DATASET RECORDS below:
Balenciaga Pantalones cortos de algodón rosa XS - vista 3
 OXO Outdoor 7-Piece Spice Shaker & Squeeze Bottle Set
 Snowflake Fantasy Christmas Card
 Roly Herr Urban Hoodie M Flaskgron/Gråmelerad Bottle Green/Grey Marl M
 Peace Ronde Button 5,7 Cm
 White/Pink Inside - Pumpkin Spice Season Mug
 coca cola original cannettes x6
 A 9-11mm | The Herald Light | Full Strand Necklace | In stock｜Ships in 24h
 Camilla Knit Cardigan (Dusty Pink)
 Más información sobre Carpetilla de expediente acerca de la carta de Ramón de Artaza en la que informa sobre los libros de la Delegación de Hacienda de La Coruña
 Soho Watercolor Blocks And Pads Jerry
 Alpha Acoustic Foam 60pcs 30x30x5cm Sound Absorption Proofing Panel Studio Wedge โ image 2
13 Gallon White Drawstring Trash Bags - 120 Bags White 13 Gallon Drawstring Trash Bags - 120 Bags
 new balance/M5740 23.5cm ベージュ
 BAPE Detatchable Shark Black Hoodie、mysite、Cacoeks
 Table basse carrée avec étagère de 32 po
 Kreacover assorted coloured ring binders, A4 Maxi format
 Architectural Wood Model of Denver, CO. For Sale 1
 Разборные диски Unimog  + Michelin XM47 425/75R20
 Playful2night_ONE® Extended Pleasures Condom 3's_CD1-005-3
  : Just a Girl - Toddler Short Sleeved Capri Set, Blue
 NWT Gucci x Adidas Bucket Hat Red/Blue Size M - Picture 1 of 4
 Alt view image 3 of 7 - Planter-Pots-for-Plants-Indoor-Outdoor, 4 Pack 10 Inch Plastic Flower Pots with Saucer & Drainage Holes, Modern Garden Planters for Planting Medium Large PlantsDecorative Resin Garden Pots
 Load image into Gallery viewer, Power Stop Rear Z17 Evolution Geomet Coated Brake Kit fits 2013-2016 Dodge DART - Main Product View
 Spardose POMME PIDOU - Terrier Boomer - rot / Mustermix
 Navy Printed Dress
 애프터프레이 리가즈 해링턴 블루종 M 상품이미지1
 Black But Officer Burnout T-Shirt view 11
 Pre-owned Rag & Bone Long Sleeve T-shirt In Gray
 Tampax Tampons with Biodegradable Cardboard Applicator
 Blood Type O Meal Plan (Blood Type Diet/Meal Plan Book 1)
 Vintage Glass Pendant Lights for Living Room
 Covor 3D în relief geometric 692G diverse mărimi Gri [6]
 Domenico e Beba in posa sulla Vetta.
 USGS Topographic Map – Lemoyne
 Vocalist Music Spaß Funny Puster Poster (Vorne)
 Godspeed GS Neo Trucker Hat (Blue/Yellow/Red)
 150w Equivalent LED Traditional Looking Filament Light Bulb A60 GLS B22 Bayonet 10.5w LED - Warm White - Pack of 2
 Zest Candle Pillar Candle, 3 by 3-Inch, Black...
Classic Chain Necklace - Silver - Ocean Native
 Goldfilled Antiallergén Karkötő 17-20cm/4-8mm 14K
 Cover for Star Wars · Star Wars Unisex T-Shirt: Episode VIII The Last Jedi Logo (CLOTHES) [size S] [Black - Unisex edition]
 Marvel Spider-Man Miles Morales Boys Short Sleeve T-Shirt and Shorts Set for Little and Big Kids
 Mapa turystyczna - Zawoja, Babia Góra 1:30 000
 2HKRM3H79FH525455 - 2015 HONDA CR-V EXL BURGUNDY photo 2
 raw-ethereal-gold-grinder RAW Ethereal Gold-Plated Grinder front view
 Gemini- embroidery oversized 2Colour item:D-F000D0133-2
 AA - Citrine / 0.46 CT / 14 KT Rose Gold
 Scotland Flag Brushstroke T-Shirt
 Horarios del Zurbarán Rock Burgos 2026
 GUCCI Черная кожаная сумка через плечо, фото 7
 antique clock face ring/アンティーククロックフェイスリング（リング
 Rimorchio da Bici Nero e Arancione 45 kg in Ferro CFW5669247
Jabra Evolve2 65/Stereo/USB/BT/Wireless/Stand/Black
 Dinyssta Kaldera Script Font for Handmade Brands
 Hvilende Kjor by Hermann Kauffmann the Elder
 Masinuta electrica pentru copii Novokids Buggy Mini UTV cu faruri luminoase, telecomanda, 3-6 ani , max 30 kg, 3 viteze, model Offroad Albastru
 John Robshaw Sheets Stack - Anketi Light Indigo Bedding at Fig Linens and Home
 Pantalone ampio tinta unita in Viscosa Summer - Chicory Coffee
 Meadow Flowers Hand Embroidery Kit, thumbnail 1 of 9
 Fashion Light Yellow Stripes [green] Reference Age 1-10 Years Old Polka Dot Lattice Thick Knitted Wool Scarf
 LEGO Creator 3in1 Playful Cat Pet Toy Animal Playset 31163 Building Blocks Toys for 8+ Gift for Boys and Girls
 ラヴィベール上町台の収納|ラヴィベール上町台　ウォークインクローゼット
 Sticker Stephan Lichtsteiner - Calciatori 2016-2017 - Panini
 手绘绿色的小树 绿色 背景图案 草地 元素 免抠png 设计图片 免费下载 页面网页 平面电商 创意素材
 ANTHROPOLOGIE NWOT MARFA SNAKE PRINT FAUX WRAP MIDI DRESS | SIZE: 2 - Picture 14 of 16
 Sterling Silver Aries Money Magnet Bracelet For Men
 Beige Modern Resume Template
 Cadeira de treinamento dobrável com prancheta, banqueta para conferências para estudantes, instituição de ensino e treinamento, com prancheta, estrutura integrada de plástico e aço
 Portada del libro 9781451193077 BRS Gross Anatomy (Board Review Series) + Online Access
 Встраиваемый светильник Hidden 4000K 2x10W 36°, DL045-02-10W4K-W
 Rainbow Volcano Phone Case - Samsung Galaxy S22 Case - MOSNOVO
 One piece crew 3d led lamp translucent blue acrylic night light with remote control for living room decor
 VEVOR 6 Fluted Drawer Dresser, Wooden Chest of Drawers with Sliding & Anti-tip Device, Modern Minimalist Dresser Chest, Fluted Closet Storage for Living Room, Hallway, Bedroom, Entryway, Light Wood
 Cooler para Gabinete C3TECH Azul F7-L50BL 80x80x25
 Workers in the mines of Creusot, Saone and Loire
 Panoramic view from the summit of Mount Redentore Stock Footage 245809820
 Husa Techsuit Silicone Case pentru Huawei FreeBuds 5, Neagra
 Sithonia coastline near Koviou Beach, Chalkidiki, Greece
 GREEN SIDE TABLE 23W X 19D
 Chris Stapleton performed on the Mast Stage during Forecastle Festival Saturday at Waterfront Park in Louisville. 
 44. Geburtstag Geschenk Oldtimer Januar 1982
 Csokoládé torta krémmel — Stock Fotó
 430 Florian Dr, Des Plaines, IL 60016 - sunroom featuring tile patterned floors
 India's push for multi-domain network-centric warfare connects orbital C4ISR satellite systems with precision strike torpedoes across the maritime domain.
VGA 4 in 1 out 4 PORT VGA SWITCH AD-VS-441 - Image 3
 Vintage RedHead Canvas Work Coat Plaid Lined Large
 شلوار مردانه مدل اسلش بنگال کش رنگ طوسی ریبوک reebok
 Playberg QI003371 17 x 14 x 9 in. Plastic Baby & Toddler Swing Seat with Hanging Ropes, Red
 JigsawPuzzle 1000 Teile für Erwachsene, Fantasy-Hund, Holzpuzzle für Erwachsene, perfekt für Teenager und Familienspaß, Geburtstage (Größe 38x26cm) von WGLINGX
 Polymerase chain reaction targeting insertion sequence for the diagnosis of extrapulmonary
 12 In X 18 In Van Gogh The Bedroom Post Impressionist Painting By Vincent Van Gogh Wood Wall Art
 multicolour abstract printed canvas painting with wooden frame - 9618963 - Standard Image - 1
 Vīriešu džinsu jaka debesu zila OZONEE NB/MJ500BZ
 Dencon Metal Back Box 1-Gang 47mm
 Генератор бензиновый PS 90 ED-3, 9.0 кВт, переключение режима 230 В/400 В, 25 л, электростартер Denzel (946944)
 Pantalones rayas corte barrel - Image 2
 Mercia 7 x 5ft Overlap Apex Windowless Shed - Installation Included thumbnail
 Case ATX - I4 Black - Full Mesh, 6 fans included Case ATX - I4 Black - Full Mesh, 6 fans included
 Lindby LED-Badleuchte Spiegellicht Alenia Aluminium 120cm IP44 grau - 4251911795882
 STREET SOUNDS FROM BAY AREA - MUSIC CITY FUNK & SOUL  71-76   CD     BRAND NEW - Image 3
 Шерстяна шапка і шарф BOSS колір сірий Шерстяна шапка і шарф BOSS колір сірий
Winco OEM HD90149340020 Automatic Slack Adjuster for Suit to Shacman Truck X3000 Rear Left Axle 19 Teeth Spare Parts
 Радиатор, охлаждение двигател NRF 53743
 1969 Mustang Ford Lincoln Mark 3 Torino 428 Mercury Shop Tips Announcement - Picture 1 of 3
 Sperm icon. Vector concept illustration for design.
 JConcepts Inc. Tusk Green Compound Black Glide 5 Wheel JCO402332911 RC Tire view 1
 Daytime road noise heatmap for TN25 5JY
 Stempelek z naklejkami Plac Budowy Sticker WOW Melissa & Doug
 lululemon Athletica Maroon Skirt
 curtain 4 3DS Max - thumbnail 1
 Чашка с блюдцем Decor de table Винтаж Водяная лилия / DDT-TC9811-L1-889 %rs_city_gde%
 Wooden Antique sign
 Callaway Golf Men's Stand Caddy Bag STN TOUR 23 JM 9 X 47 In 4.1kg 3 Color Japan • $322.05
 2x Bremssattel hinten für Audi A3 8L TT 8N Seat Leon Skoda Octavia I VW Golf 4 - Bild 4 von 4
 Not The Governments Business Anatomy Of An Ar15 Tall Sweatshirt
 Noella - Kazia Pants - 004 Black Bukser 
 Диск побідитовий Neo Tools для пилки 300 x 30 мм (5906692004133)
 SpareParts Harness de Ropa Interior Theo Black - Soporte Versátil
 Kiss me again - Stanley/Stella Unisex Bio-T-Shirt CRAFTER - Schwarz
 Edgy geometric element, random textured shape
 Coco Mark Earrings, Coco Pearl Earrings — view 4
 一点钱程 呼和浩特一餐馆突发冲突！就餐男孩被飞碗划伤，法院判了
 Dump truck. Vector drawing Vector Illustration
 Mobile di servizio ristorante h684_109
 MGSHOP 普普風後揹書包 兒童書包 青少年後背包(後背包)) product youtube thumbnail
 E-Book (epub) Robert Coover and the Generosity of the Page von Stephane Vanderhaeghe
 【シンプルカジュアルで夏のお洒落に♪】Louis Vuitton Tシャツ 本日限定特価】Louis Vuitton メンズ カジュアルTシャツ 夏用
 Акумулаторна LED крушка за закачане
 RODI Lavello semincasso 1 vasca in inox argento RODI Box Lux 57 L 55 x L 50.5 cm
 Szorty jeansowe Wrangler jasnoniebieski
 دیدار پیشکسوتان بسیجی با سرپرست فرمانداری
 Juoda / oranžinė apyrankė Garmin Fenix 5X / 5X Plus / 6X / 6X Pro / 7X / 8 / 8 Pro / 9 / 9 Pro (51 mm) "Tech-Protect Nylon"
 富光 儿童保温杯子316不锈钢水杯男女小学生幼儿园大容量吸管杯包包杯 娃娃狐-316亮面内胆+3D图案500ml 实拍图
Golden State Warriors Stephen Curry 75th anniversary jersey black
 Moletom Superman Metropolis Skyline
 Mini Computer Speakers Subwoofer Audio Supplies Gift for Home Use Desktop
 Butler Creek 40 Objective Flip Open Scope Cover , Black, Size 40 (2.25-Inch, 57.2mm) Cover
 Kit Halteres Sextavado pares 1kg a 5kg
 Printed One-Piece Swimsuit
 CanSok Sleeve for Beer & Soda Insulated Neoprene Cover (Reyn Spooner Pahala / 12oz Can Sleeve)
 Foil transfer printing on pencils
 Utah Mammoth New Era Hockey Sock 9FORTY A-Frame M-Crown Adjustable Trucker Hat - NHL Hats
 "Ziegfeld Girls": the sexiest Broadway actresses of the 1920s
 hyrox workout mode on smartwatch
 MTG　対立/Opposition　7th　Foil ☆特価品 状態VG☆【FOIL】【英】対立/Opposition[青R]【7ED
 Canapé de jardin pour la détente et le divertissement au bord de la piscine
End of DATASET RECORDS.
# WHAT IS BEING ASKED:
Which lines above hold the string "Plastic"? Please copy all of them.

# EXERCISE OUTPUT:
 Alt view image 3 of 7 - Planter-Pots-for-Plants-Indoor-Outdoor, 4 Pack 10 Inch Plastic Flower Pots with Saucer & Drainage Holes, Modern Garden Planters for Planting Medium Large PlantsDecorative Resin Garden Pots
 Playberg QI003371 17 x 14 x 9 in. Plastic Baby & Toddler Swing Seat with Hanging Ropes, Red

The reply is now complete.